*SUPPLIED INFORMATION*
§

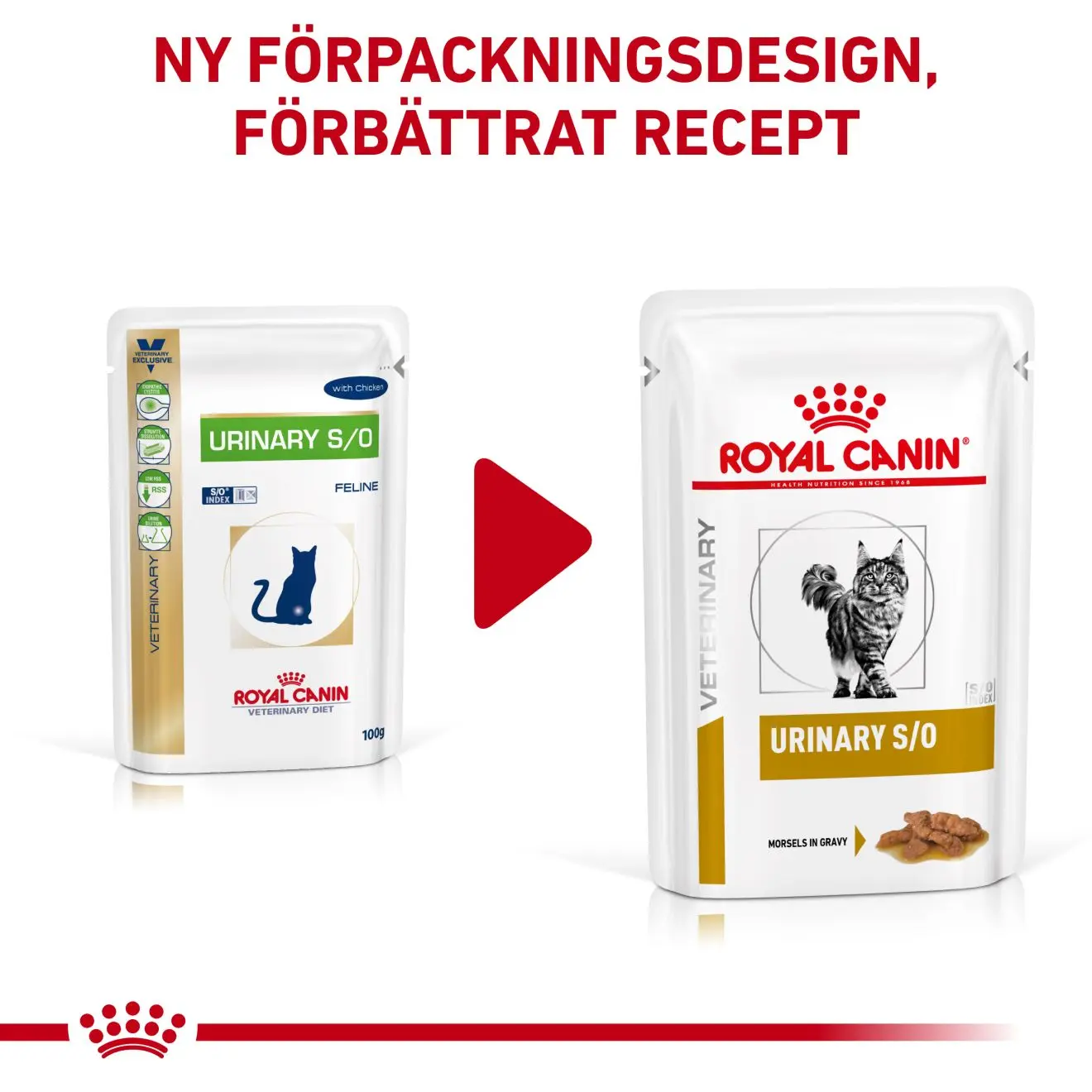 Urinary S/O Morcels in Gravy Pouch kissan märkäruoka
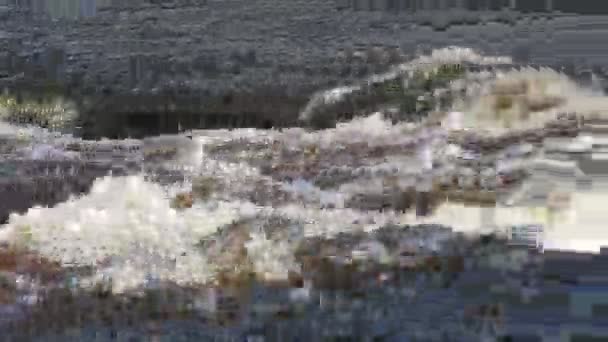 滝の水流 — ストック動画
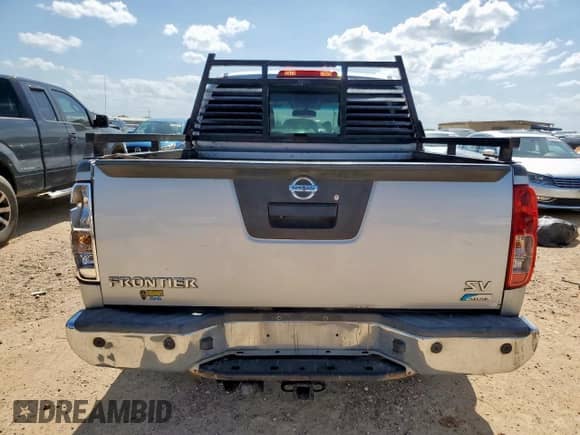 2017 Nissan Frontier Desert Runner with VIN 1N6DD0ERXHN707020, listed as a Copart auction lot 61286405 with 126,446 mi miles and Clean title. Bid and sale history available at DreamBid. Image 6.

§

*DIRECTIONS*
The reply must hold every line above exactly as written and none of the pictures.

*TASK ANSWER*
 Urinary S/O Morcels in Gravy Pouch kissan märkäruoka
 滝の水流 — ストック動画
 2017 Nissan Frontier Desert Runner with VIN 1N6DD0ERXHN707020, listed as a Copart auction lot 61286405 with 126,446 mi miles and Clean title. Bid and sale history available at DreamBid. Image 6.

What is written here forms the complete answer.